Is creation care biblical?

The way the Bible frames the question, ‘What is Christian mission?’ is to ask us who Jesus is, and what it means to follow him as Lord. Many passages serve as examples: the first chapters of Mark’s gospel are among the clearest presentations of many. Through a series of episodes, Mark introduces us to Jesus – Lord over sickness, religion, politics, the personal life. And then as he tells us of Jesus stilling the storm, he makes it clear that he is Lord over the weather, and by extension over all creation. This goes far beyond seeing the story as simply a reassurance of personal comfort in times when the weather gets rough and the boat of our personal life threatens to be overwhelmed. Equally, from the beginning of Genesis to the final promises of Revelation, the biblical story is one of God’s love reaching out to his whole creation, and supremely to people within it. Nothing else can explain the promise of the first covenant in Genesis 9:17: ‘This is the sign of the covenant I have established between me and all life on earth’, or the ringing hope of Romans 8:19-21: ‘The creation itself was subjected to futility… in hope that the creation itself will be set free from its slavery to corruption into the glorious freedom of the children of God’. The Bible understands that those who follow Jesus as Lord are led straight into relationship with him, and thereby to the restoration of all their relationships, personal, social and with the wider creation itself.
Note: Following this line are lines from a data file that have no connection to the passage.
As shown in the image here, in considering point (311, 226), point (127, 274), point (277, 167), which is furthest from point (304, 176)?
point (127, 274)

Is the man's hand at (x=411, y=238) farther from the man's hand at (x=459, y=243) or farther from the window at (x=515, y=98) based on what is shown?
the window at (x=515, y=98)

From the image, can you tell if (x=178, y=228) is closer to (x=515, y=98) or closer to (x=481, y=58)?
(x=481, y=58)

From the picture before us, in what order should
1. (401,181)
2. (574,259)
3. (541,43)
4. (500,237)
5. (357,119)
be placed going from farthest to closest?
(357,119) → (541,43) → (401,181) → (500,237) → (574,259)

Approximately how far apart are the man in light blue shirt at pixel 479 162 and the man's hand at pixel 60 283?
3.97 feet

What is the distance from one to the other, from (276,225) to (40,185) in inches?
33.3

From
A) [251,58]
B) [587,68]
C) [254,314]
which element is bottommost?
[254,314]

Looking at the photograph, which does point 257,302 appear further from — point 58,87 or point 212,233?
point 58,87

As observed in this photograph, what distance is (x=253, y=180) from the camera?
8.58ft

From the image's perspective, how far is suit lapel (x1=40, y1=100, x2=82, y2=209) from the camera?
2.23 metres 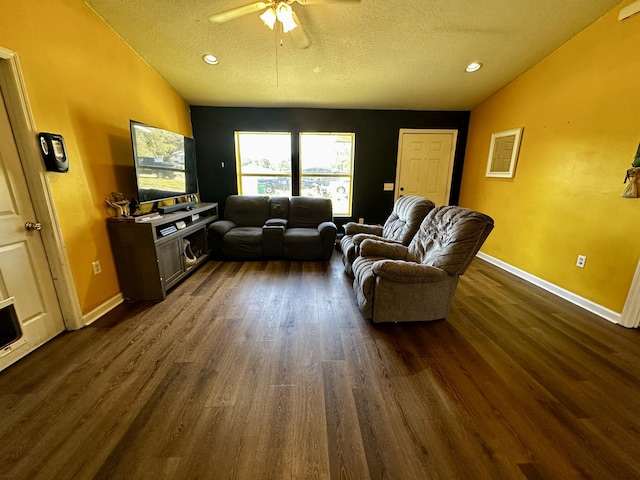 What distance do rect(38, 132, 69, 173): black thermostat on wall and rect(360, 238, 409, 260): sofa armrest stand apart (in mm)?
2494

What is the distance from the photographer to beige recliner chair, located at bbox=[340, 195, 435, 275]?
104 inches

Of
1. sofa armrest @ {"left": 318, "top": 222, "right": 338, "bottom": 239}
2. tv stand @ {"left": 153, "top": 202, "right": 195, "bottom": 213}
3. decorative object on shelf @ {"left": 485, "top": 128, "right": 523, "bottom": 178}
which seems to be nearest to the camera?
tv stand @ {"left": 153, "top": 202, "right": 195, "bottom": 213}

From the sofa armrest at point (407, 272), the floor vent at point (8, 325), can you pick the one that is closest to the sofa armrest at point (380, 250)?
the sofa armrest at point (407, 272)

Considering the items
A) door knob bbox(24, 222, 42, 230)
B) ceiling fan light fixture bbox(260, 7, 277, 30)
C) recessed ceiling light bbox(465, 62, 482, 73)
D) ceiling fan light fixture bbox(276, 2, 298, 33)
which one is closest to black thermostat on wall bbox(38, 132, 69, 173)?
door knob bbox(24, 222, 42, 230)

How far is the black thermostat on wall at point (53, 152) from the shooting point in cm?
172

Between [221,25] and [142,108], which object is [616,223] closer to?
[221,25]

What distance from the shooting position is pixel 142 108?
9.38ft

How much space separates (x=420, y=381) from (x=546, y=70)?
3704mm

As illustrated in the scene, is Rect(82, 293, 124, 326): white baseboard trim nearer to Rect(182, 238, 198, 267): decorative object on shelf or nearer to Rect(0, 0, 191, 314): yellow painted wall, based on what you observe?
Rect(0, 0, 191, 314): yellow painted wall

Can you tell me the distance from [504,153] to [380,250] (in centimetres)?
266

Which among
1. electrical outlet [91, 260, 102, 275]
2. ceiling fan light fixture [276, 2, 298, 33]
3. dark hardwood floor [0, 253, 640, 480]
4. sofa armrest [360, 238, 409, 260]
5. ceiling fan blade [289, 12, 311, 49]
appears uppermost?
ceiling fan blade [289, 12, 311, 49]

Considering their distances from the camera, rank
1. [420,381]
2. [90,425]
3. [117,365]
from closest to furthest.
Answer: [90,425] → [420,381] → [117,365]

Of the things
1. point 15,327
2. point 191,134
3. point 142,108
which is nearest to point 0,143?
point 15,327

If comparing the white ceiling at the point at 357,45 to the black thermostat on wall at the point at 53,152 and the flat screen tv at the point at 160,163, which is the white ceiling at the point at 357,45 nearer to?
the flat screen tv at the point at 160,163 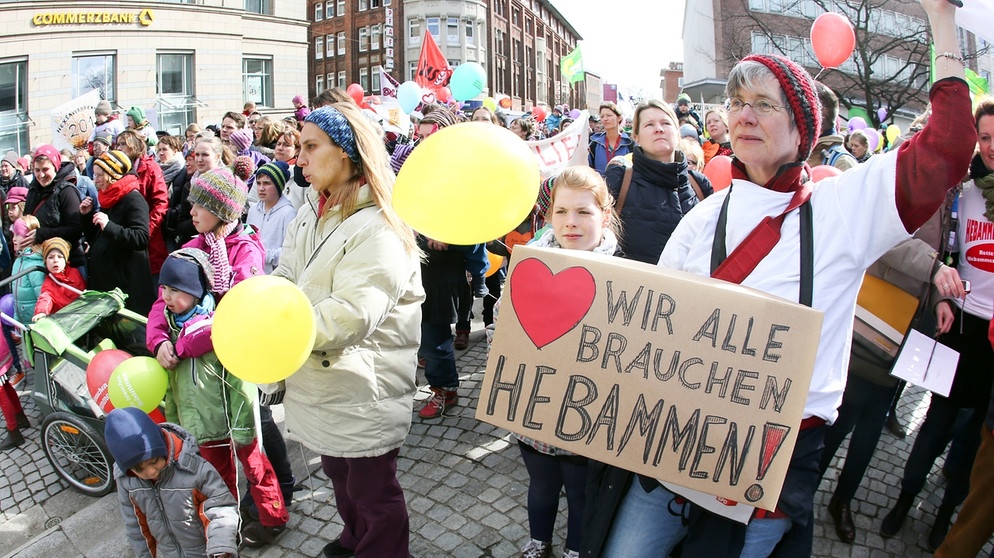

We never find the biblical call to mission beginning with people, then simply trying to assess their most pressing needs. This agenda owes more to the humanism of the renaissance and enlightenment than a robust Christian world view that begins with the question, ‘Who is God, and how can we make him known in the world?’ The logjam in evangelical thinking that has so sadly opposed social action to evangelistic endeavour, rather than understanding both as a consequence of the knowledge that Jesus is Lord, is only one of the consequences of this false point of departure. For people like ourselves, raised in a post-enlightenment culture that puts people and not God at the heart of our thinking, such a re-ordering doesn’t always come naturally but we cannot but admit that it is more biblical.

Praying for those who have lost loved ones and for the broader A Rocha family at this time of sorrow.